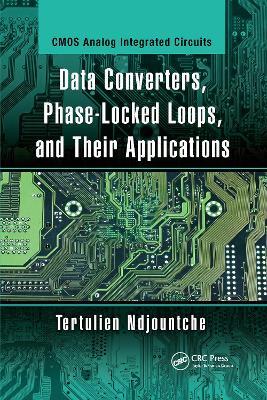 Data Converters, Phase-Locked Loops, and Their Applications - Tertulien Ndjountche - cover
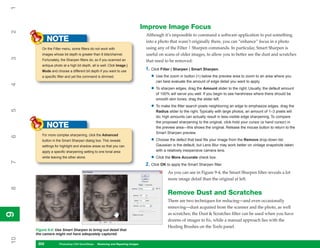 1

                                                                                 Improve Image Focus
2


                                                                                  Although it’s impossible to command a software application to put something
            NOTE                                                                  into a photo that wasn’t originally there, you can “enhance” focus in a photo
        On the Filter menu, some filters do not work with                         using any of the Filter | Sharpen commands. In particular, Smart Sharpen is
        images whose bit depth is greater than 8 bits/channel.                    useful on scans of older images, to allow you to better see the dust and scratches
3




        Fortunately, the Sharpen filters do, so if you scanned an                 that need to be removed:
        antique photo at a high bit depth, all is well. Click Image |
        Mode and choose a different bit depth if you want to use
                                                                                  1. Click Filter | Sharpen | Smart Sharpen.
        a specific filter and yet the command is dimmed.                             • Use the zoom in button (+) below the preview area to zoom to an area where you
                                                                                        can best evaluate the amount of edge detail you want to apply.
4




                                                                                     • To sharpen edges, drag the Amount slider to the right. Usually, the default amount
                                                                                        of 100% will serve you well. If you begin to see harshness where there should be
                                                                                        smooth skin tones, drag the slider left.

                                                                                     • To make the filter search pixels neighboring an edge to emphasize edges, drag the
5




                                                                                        Radius slider to the right. Typically with large photos, an amount of 1–3 pixels will
                                                                                        do; high amounts can actually result in less-visible edge sharpening. To compare
                                                                                        the proposed sharpening to the original, click-hold your cursor (a hand cursor) in
            NOTE                                                                        the preview area—this shows the original. Release the mouse button to return to the
                                                                                        Smart Sharpen preview.
        For more complex sharpening, click the Advanced
6




        button in the Smart Sharpen dialog box. This reveals                         • Choose the defect that best fits your image from the Remove drop-down list.
        settings for highlight and shadow areas so that you can                         Gaussian is the default, but Lens Blur may work better on vintage snapshots taken
        apply a specific sharpening setting to one tonal area                           with a relatively inexpensive camera lens.
        while leaving the other alone.                                               • Click the More Accurate check box.
7




                                                                                  2. Click OK to apply the Smart Sharpen filter.
                                                                                               As you can see in Figure 9-4, the Smart Sharpen filter reveals a lot
                                                                                               more image detail than the original at left.
8




                                                                                               Remove Dust and Scratches
                                                                                               There are two techniques for reducing—and even occasionally
                                                                                               removing—dust acquired from the scanner and the photo, as well
9




                                                                                               as scratches; the Dust & Scratches filter can be used when you have
9




                                                                                               dozens of images to fix, while a manual approach lies with the
                                                                                               Healing Brushes on the Tools panel.
     Figure 9-4: Use Smart Sharpen to bring out detail that
     the camera might not have adequately captured.
10




      202
      202           Photoshop CS4 QuickSteps to Restoring and Repairing Images
                    PC QuickSteps    Getting    Know Your PC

-----

When the line with "images whose bit" is reached in the data above, begin copying, and stop after the line with "of 100% will"; copy each line exactly, both ends included.

→ **Task solution**:
        images whose bit depth is greater than 8 bits/channel.                    useful on scans of older images, to allow you to better see the dust and scratches
3




        Fortunately, the Sharpen filters do, so if you scanned an                 that need to be removed:
        antique photo at a high bit depth, all is well. Click Image |
        Mode and choose a different bit depth if you want to use
                                                                                  1. Click Filter | Sharpen | Smart Sharpen.
        a specific filter and yet the command is dimmed.                             • Use the zoom in button (+) below the preview area to zoom to an area where you
                                                                                        can best evaluate the amount of edge detail you want to apply.
4




                                                                                     • To sharpen edges, drag the Amount slider to the right. Usually, the default amount
                                                                                        of 100% will serve you well. If you begin to see harshness where there should be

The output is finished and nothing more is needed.